CLEARWATER, Fla. -- Earlier in the week, we wondered about the fate of Cole Hamels' cutter, the fourth pitch he experimented with this off-season and hoped to add to his repertoire. But pitching coach Rich Dubee downplayed the cutter last week, saying he wanted Hamels to focus at one pitch at a time -- the curveball priority No. 1.
Well, when Hamels took the mound on Friday to face hitters for the first time this spring in live batting practice, he threw more cutters than curveballs.
So did Hamels talk Dubee into throwing it?
"No," Dubee said. "He's been playing with it. We played with it last year some. I think he's very comfortable where he is arm-wise. He feels like he's ready to do that stuff. It's all good."
Is the pitching coach fine with Hamels working on two pitches at a time?
"Right now, yeah," Dubee said. "Right now he's getting enough of both. He probably threw five cutters, four curveballs. He's still getting both."
Hamels had already left the building after Dubee was done talking, so we don't know his thoughts on the matter yet.
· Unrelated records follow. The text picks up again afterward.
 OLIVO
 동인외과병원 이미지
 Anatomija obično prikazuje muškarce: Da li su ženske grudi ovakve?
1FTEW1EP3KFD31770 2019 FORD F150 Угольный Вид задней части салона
But Dubee was very impressed with what he saw on the mound.
"He repeated deliveries," Dubee said. "His command was very good. His arm looked a lot better than it has in any spring. All positives."
And even when something went wrong, Hamels recovered, Dubee said. Hamels bounced a fastball to the plate and became angered -- exactly what Dubee criticized Hamels for doing too much last season. But he straighted out his emotions and threw a fastball on the next pitch.
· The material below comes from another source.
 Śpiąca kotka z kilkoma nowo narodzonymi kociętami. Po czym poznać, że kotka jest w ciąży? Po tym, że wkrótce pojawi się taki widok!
"Tremendous adjustment in his behavior," Dubee said. "He threw a gem the next pitch."
Quote of the day
This is actually the clubhouse leader for Charlie quote of the spring. When asked about outfielder Tyson Gillies' energy, Manuel said he watched him run from center to right field while shagging flyballs during batting practice.
"He takes shagging to another level," Manuel said.